ONE OF YOUR ESSAYS MUST BE ON ONE OF THE ABOVE QUESTIONS/TOPICS
______________________________________________________________________________
4. Myth and Sacred Scripture we have seen are essential aspects of all
religions. Yet believers seem to be uncomfortable with the category of myth
when scholars apply it to their particular religion. And this is especially
true in the three Western religions, Judaism, Christianity, and Islam. Even
Hindus are now upset that a Western scholar would consider one of their great
epics, the Ramayana, “myth.” Christians never had a problem labeling the
stories in other religions myth, while strongly defending the historicity of
every story in the Genesis narratives, or events in the life of Jesu, even to
the minutest detail. Orthodox Jews and Muslims would be offended if anyone
suggested there is myth in the Torah or the Qur’an. How do we deal with
myth? Even if a myth is historically untrue, can it still be true in a more
important sense? Question: Discuss the different views of myth in Chapter 4
of Livingston, and state with which view do you agree the most and why?
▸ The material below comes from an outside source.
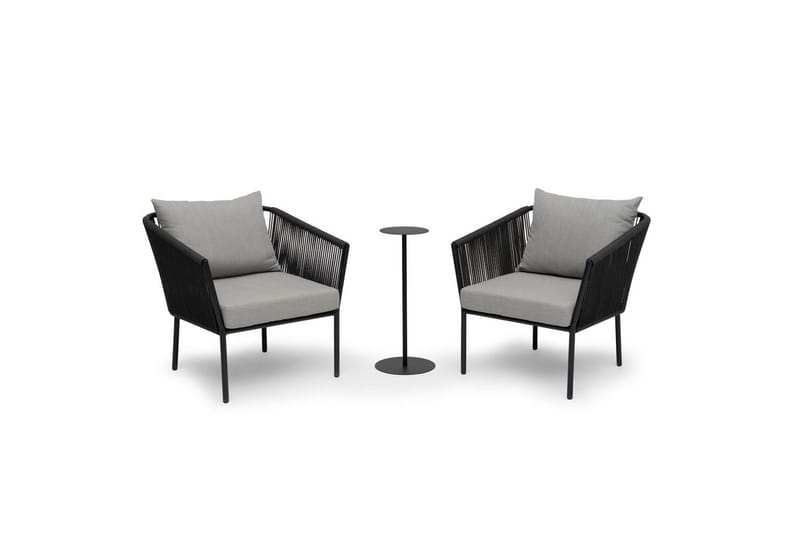 Lænestol Hillerstorp Lersund Sort/Grå - Sort/Grå - Havemøbler - Havestole - Udendørs lænestol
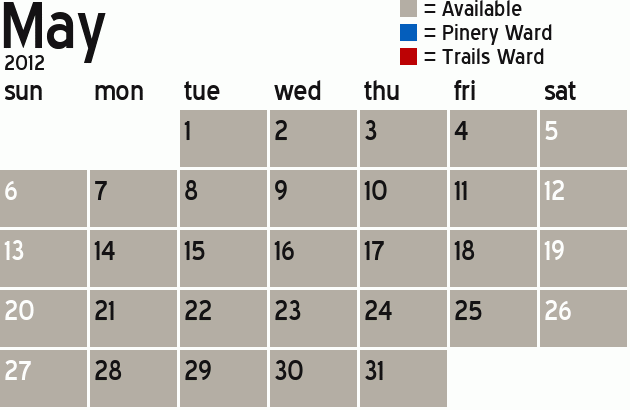 Missionary Dinner Calendar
5. Question (in three parts): 1. Is religious Fundamentalism in the end a
desperate attempt to preserve the old order by peoples, groups, or societies
(in America and the Muslim world) that cannot accept the modern world and
choose to live in discredited and obsolete worldview? 2. Or is it the only
way religion can be saved from the destructive critique of scientific
naturalism? 3. Is there a middle way that is neither naturalistic nor
fundamentalist? For example, Are thinkers like Heidegger, Otto, and Eliade
perhaps giving us an alternative to both naturalism and fundamentalism, or are
their positions too vague or give up too much to naturalism to be taken
seriously as an alternative worthy of our consideration? (For this question
you must read Livingston, Chapter 14.)
6. Ritual is arguably one of the most important categories of religion, even
more than belief in a god. Many Jews who do not believe in God yet are
observant Jews (that are Orthodox in practice but not in belief). Buddhists
are atheists yet have developed elaborate rituals through the centuries. In
China Hsun Tzu and Confucius exalted the role of ritual (Li) even when they
themselves may have harbored doubts about the supernatural. Question (in
three parts): 1. What is the most important function of ritual? 2. What is it is about the ritual that makes it such a central aspect of religion, and perhaps the most important aspect? 3. In what sense can it be said that not God or
gods but ritual is the true creator of humanity and society and the most significant element in religion? (For this question you must read Livingston,
Chapter 5, “Sacred Ritual”; Pals chapters on Durkheim and Eliade; Geertz’s
discussion of ritual at the top of page 272 in Pals is also quite useful in
thinking about this question, as well as skimming “Religion as a Cultural
System” posted on Canvas for references to ritual, the essay which is the
basis for Pals’s exposition of Geertz).